“Matt,” a 65-year-old reader of this column, is about to retire with a substantial 401(k). He has never invested on his own, only through his 401(k). Luckily, his pension and Social Security retirement benefits cover the amount of money he needs to live on to support himself right now.
He wants to know: Where do I turn for expertise if I’m not comfortable with a commissioned salesperson? That question assumes that Matt will roll over his 401(k) to an IRA held at a brokerage firm -- or he may want advice while keeping the 401(k) intact.
Matt is not alone with this dilemma: Any 401(k) participant who has not invested on his own faces the same questions. No matter who Matt retains, there will be an information imbalance between him and the financial professional. (The same holds true for a surviving spouse who was not actively engaged in the financial provider-client relationship during the deceased spouse’s lifetime.)
Should Matt stay with the 401(k)? Since he has been adept at making investment choices for the 401(k), that may be an option. His employer has selected the mutual fund menu for the 401(k) plan, which makes a participant’s job on investment selection much easier than choosing from the universe of investment options.
If he does stay with the 401(k), should Matt change his investment selections in any way? Should he continue making investment choices as he has in the past?

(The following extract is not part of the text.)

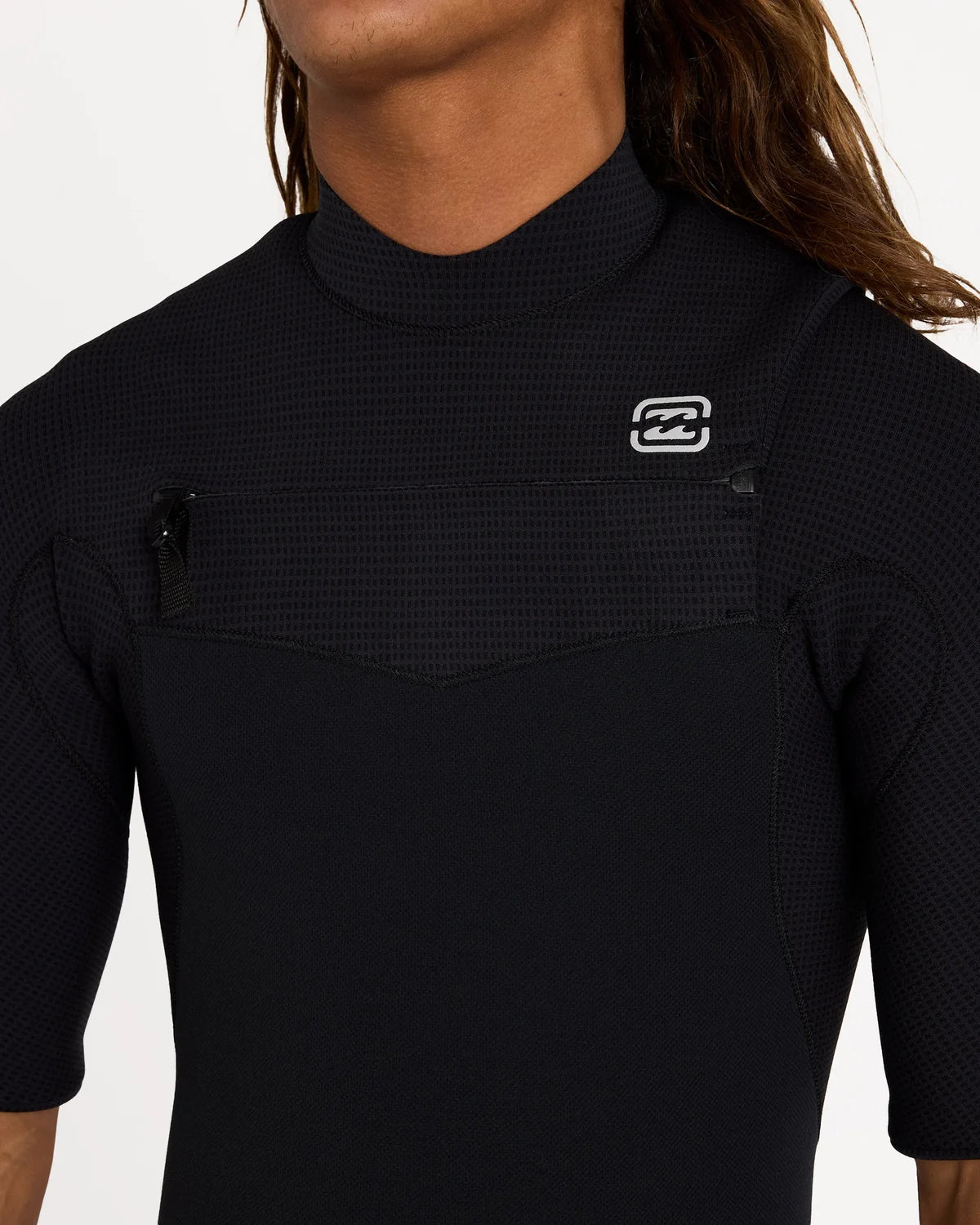 Billabong Mens 2/2mm Furnace Revo Chest Zip Springsuit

Should he change course?
He would need to do so if his pension and Social Security did not cover his lifestyle expenses, but that’s not Matt’s challenge. (Let me know if you have such a situation that you would like to discuss in a future column by emailing me at email@example.com.)
Another option for Matt is to roll over his 401(k) into an IRA.

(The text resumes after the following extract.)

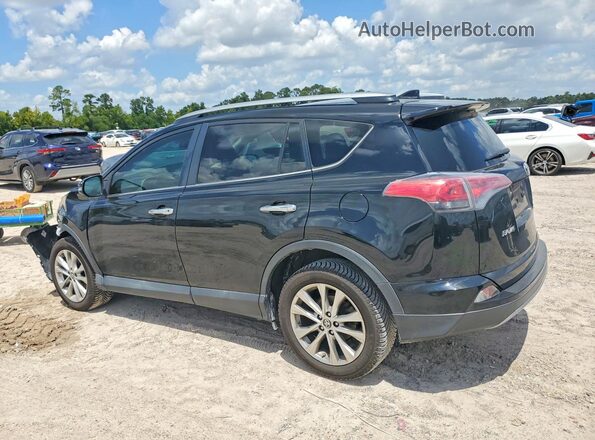 2T3YFREV6HW402669 2017 TOYOTA RAV4 Black Tył lewy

If you search online for 401(k) rollovers, you’ll discover a number of options. To find a firm that provides services through salaried personnel, some additional research is necessary.
Since last summer, a new U.S. Securities and Exchange Commission disclosure document makes the search easier. Form CRS provides compensation information. Compensation is a potential conflict of interest.
You’ll look for the answer to this question: “How do your financial professionals make money?”
This is a quote from the CRS of one well-known firm that provides brokerage services: “Our broker-dealer representatives are salaried employees who are not paid commissions for products sold, transactions executed, or the amount of assets serviced.”
Form CRS will help answer other questions as well. For example, does the firm have disciplinary disclosures, how is the firm paid and what are potential conflicts of interest?
You can find a firm’s Form CRS on the SEC website (Investor.gov/crs) by searching for the company’s name.
If you are interviewing firms, compare their Form CRS responses. If you have questions about how to do that, let me know -- a story for another column.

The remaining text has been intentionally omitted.